Cuando un líder le entregó una tarjeta a Timoteo, de once años de edad, él respondió: «No, gracias. No la necesito. Quiero portarme bien, y no necesito una recompensa por hacerlo». Para él, hacer lo correcto era la recompensa. Sin duda, ese muchachito tiene bien incorporados los buenos valores y desea ponerlos en práctica… haya premio o no.
Como creyentes en Cristo, nosotros un día también recibiremos recompensas. En 2 Corintios 5:10, Pablo expresa que cada uno recibirá «según lo que haya hecho mientras estaba en el cuerpo, sea bueno o sea malo». Pero el recibir una recompensa no debe ser nuestra motivación para vivir correctamente. Tampoco debe serlo ganar la salvación.
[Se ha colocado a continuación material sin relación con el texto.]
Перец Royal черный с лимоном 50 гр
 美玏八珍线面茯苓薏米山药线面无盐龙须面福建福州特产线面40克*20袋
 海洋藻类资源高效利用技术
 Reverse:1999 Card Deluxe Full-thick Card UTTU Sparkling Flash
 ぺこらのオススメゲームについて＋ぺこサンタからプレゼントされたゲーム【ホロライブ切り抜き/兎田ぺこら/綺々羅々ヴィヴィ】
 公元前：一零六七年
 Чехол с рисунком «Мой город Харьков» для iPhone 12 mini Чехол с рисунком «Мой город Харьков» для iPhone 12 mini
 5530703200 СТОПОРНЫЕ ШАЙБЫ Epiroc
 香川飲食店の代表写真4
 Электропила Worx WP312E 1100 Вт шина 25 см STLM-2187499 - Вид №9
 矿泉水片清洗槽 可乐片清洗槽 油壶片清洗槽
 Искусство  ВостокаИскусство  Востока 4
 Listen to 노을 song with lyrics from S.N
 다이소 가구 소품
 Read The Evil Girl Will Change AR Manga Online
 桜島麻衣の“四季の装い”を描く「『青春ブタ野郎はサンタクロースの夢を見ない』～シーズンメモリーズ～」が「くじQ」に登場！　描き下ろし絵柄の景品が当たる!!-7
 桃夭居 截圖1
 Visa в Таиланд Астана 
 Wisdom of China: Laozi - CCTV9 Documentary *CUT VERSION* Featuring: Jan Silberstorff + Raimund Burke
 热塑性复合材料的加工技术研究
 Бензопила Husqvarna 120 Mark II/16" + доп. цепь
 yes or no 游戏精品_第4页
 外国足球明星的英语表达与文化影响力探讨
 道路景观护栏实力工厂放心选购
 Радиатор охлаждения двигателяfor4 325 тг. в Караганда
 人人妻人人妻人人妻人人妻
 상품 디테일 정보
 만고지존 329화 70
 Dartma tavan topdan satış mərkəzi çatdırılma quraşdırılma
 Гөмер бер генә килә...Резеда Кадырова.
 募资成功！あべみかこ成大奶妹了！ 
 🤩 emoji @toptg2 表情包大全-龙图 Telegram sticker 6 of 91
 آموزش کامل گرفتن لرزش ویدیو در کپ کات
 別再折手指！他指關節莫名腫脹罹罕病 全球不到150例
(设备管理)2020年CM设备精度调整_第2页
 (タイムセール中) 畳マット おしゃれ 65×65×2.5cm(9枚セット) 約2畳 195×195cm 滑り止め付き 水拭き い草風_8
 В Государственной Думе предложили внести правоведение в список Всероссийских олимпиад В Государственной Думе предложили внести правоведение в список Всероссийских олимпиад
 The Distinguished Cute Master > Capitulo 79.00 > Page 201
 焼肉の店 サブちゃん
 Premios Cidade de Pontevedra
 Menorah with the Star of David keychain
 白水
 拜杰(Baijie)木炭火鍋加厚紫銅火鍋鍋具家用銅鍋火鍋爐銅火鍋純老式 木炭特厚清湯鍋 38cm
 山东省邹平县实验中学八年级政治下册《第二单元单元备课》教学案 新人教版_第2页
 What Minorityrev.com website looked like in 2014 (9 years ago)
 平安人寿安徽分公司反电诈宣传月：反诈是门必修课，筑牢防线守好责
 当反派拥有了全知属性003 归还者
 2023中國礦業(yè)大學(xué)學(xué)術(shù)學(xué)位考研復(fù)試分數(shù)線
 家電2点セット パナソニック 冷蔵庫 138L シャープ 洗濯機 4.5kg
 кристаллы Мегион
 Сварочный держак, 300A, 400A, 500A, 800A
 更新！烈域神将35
El deseo y la motivación de nuestro corazón tienen que ser el amor de Dios y el procurar agradarle.
Cuando amamos a Dios, hacemos que nuestro objetivo sea complacer a Aquel que nos amó primero (1 Juan 4:19) y servirlo con motivaciones puras (Proverbios 16:2; 1 Corintios 4:5). ¡La mejor recompensa será estar con Él!
Nuestro deseo de agradar a Dios es lo que más nos motiva a obedecerlo.